Both Juristo and Moreno [6] and Wohlin et al. [7] argue that the experiments performed in the field of software engineering are strongly influenced by the characteristics of the individuals, like in other sciences, generally known as social sciences. Juristo and Moreno [6] enumerate some issues related to social factors and the specific characteristics of the software development that must be taken into consideration when designing experiments.

  • Learning effect: If an individual should solve the same issue applying different programming languages, it is highly probable that they will learn more and more about the issue and that the final result will be better than the first one, simply due to the fact that the individual knows more about the issue rather than due to the fact that the programming language is better.

  • Boredom effect: the individuals get bored or tired of the experiment and put less effort and interest as time passes by.

  • Enthusiasm effect: It may happen that the individuals who use an old programming language are not motivated to do a good job while those who use a new programming language are.

  • Experience effect: when performing an experiment that involves programmers, it is to be expected that there will be different levels of both knowledge and skill about the programming language used.

  • Unconscious formalization: it happens when the same individual uses two or more programming languages with different levels of definition or formality.

  • Setting effect: the emotional state of participating individuals is closely related to their performance.

A set of actions to consider so as to control the abovementioned effects is described below:

  • Learning effect: do not use the same group of individuals to work on a development using more than one programming language.

  • Boredom effect: motivate the individuals who perform the experiment in the same way regardless of the group they belong to.

  • Enthusiasm effect: do not inform the individuals about the hypotheses or objectives of the experiment.

  • Experience effect: to control this effect, experimental pair programmers who are undistinguishable in terms of their knowledge and skills regarding the programming language will be formed.

  • Unconscious formalization: aspects regarding the level of knowledge of each individual should be considered when it comes to the programming language employed when forming the experimental pair.

  • Setting effect: it must be taken into consideration that all the steps of the experiment should be carried out under the same conditions.

In the field of software engineering, it is common to face a need to perform experiments with a reduced group of people who apply different treatments on the objects of study. Taking into account that comparing experimental units within homogeneous pairs not only increases the accuracy of the analysis but also allows us to control most of the undesired effects [6] when performing an experiment, this work is based on the hypothesis that it is possible to form homogeneous experimental pairs of programmers and that, therefore, two subjects with the same characteristics are undistinguishable in terms of their abilities as programmers.
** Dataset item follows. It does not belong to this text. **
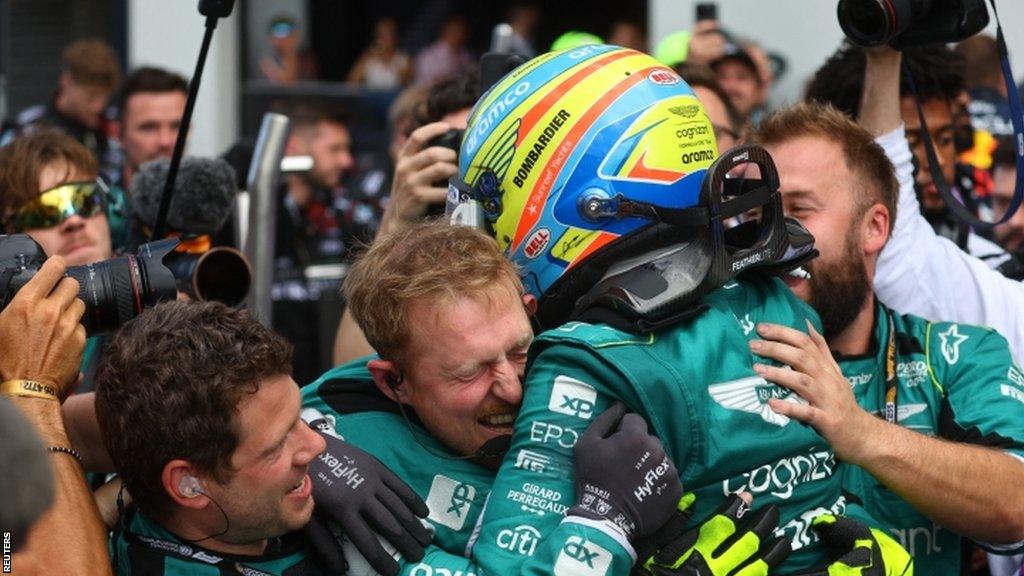 Fernando Alonso celebrates with his Aston Martin team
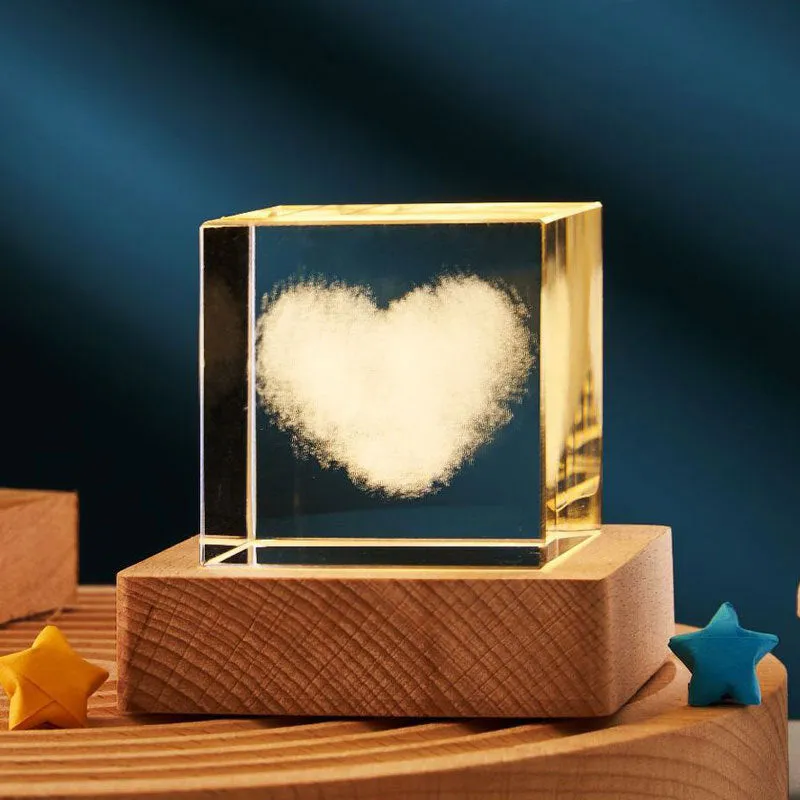 3D transparent crystal cube night lamp in 40mm or 60mm size on a desktop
This hypothesis leads to the following research questions: is it possible to form undistinguishable experimental pairs in terms of abilities and skills as programmers? If so, do they require the same amount of time to solve the same task with the same programming language?

In Sect. 2, a protocol for the formation of experimental pairs programmers is proposed. In Sect. 3, the validation of the protocol is performed through a pilot test; and in Sect. 4, conclusions and future lines of research are presented.

2 Proposal for the Formation of Experimental Pair Programmers

When it comes to deciding how to form homogeneous pairs of programmers, the authors adhere to Campbell [8], who argues that many factors may indirectly affect the performance of an individual, but only three are direct determinants of performance: knowledge, skill and motivation. For this reason, a protocol will be designed with the aim to form experimental pairs of programmers who are homogeneous in terms of both level of knowledge and skills, and it will be assumed that the participants to be characterized do not show significant differences regarding motivation.

The first step consists in identifying the methods used to categorize programmers in other experimental research studies (Sect. 2.1). Then, the guidelines considered for the design of the categorization instruments used in the experiment are described (Sect. 2.2). Lastly, (Sect. 2.3) presents a mechanism to form homogeneous experimental pairs of programmers based on the characterization made.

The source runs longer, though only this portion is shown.